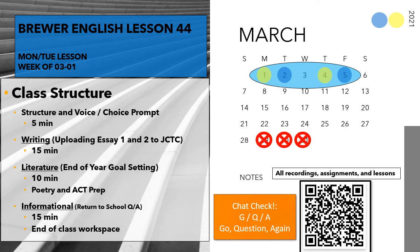Hi and thanks for tuning in for lesson 44 of A2C Junior English. Today we're going to do a couple different things: walk through how to upload essay one and two to JCTC for students doing A2C dual credit, do a little bit of end-of-the-year goal setting, and do a really quick return to school Q&A.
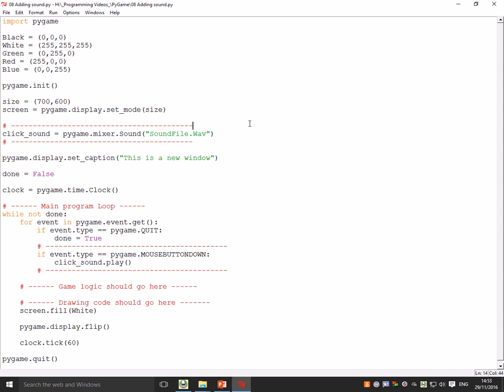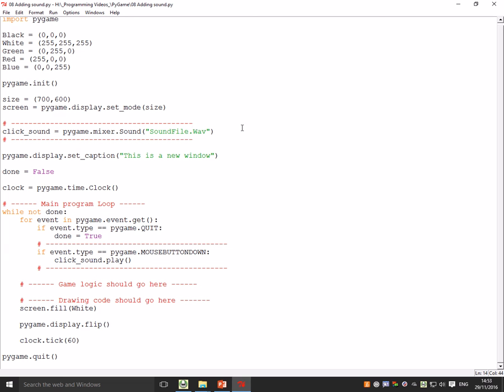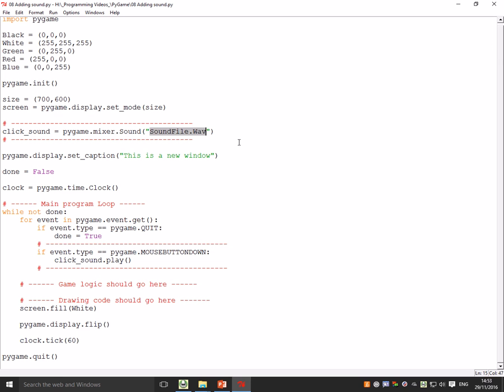If you've got a sound file saved in the same place as your pygame code, all you need to do is use this bit of code here to allocate different sounds to different variables. So I've got a click sound here, which equals pygame.mixer.sound and then the name of your sound file.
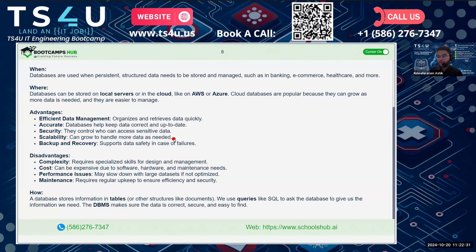Another advantage is scalability — databases can handle more data as needed. For example, if you store data for 100 users, you can scale up to store data for thousands of users. There is also backup and recovery, which ensures data safety in case of a failure or crash.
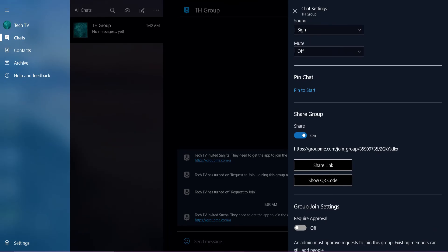So that's how you add someone on GroupMe. If the video was helpful, please leave a like and mention your feedback in the comment section below. Thank you for watching, and we will see you in the next one.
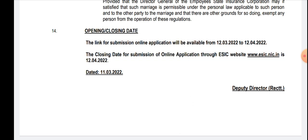That's all about ESIC SSO 2022 recruitment. If you have any doubts regarding this, please ask in the comment section. Thanks for watching and don't forget to share this important update with all your friends on different social media platforms. Thank you so much.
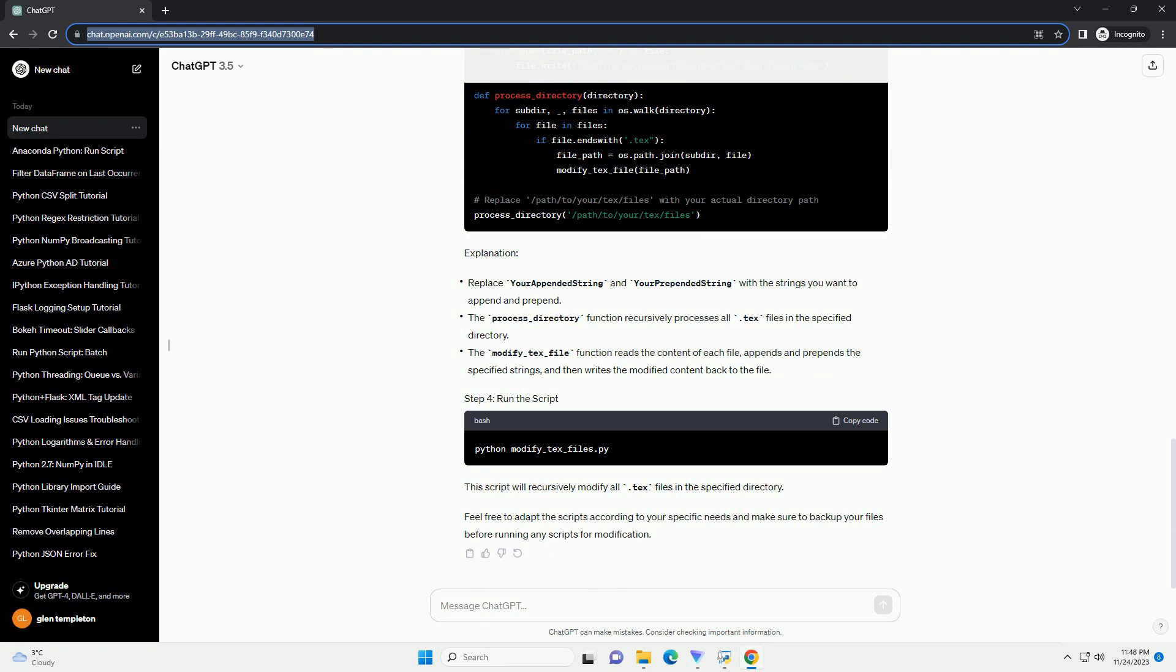Explanation: This script will recursively modify all .txt files in the specified directory. Feel free to adapt the scripts according to your specific needs and make sure to backup your files before running any scripts for modification.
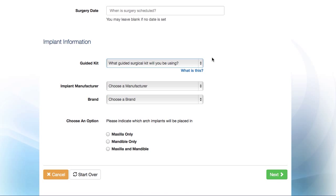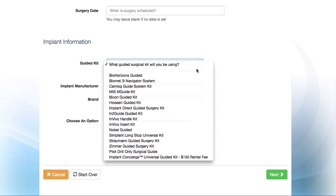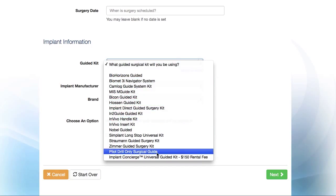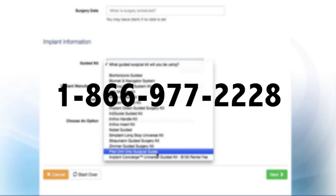Now, let's move to the Implant Information section and select which guided surgical kit you will be using for surgery. Implant Concierge is compatible with most guided implant manufacturers. If your guided kit is not listed, please contact us so we can add it.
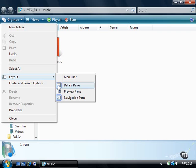You can also activate the Menu bar. The Menu bar contains all of the familiar menu options that you had in Windows XP and earlier versions of Windows.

------------------------

YOUR INSTRUCTIONS: Please repeat the listing precisely, excluding the pictures it contains.

EXERCISE ANSWER:
Hi and thanks for tuning in for lesson 44 of A2C Junior English. Today we're going to do a couple different things: walk through how to upload essay one and two to JCTC for students doing A2C dual credit, do a little bit of end-of-the-year goal setting, and do a really quick return to school Q&A.
If you've got a sound file saved in the same place as your pygame code, all you need to do is use this bit of code here to allocate different sounds to different variables. So I've got a click sound here, which equals pygame.mixer.sound and then the name of your sound file.
Another advantage is scalability — databases can handle more data as needed. For example, if you store data for 100 users, you can scale up to store data for thousands of users. There is also backup and recovery, which ensures data safety in case of a failure or crash.
So that's how you add someone on GroupMe. If the video was helpful, please leave a like and mention your feedback in the comment section below. Thank you for watching, and we will see you in the next one.
That's all about ESIC SSO 2022 recruitment. If you have any doubts regarding this, please ask in the comment section. Thanks for watching and don't forget to share this important update with all your friends on different social media platforms. Thank you so much.
Explanation: This script will recursively modify all .txt files in the specified directory. Feel free to adapt the scripts according to your specific needs and make sure to backup your files before running any scripts for modification.
Now, let's move to the Implant Information section and select which guided surgical kit you will be using for surgery. Implant Concierge is compatible with most guided implant manufacturers. If your guided kit is not listed, please contact us so we can add it.
You can also activate the Menu bar. The Menu bar contains all of the familiar menu options that you had in Windows XP and earlier versions of Windows.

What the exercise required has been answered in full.